Understanding the formulation parameters for engineering indocyanine green J-aggregate lipid nanocapsules and solid lipid nanoparticles as promising photothermal agents

Abstract

Indocyanine green J-aggregate (IJA) is a promising photothermal (PTT) agent that has recently been utilised in preclinical studies for cancer diagnostics and treatment. The unique properties, such as the red-shift absorption band and longer wavelengths, are behind IJA's superior thermal stability compared to its monomeric ICG. Loading IJA into nanoparticles (NPs) has proven advantageous in enhancing its in vivo targeting of various cancer models. However, the loading of IJA into more complex lipids, such as lipid nanocapsules (LNCs) and solid lipid nanoparticles (SLNs), has not been reported.

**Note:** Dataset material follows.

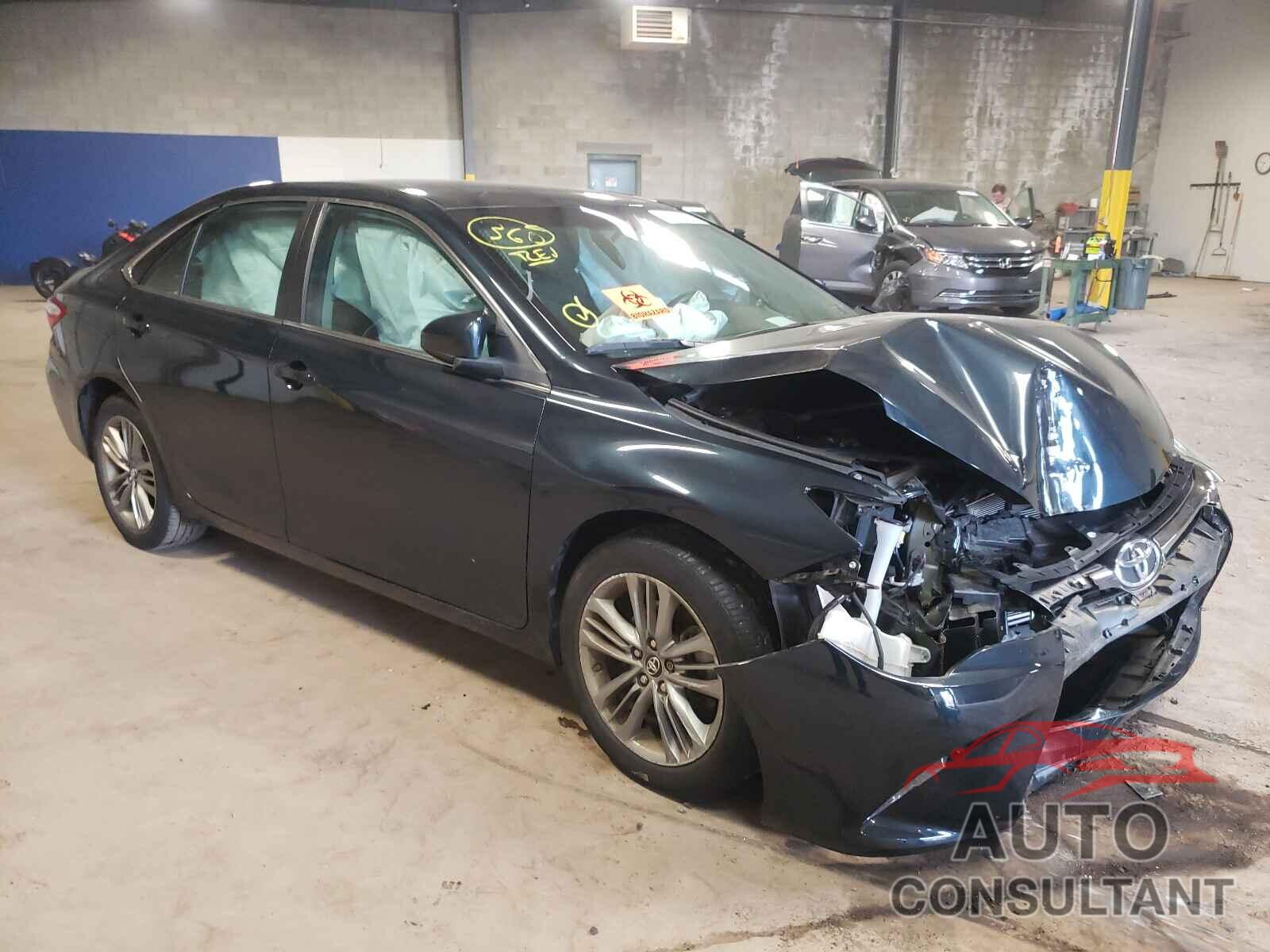 TOYOTA CAMRY 2017 - 4T1BF1FK7HU319286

The present work focuses on investigations of the effect of formulation parameters on pre-formed IJA (p-IJA) stability and the formation of p-IJA-loaded LNCs and SLNs, thus enhancing their theranostic applications. We investigated the effect of the lipid shell of LNCs and the lipid core of SLN on p-IJA stability. Our findings demonstrated the significant role of lipophilic surfactants (Span 85) and a high-melting-point lipid core (sodium stearate) in enhancing the p-IJA ratio and heating capacity following loading into SLNs. More importantly, p-IJA-SLN enhanced the optical stability of p-IJA in a range of biological media, such as serum proteins, blood, and collagen. Furthermore, lyophilised p-IJA-SLNs were successfully obtained after long-term storage. Overall, p-IJA-loaded lipid NPs could provide a promising platform for various applications, including photoacoustic imaging, PTT, photodynamic therapy (PDT), and combination therapy with chemotherapeutics.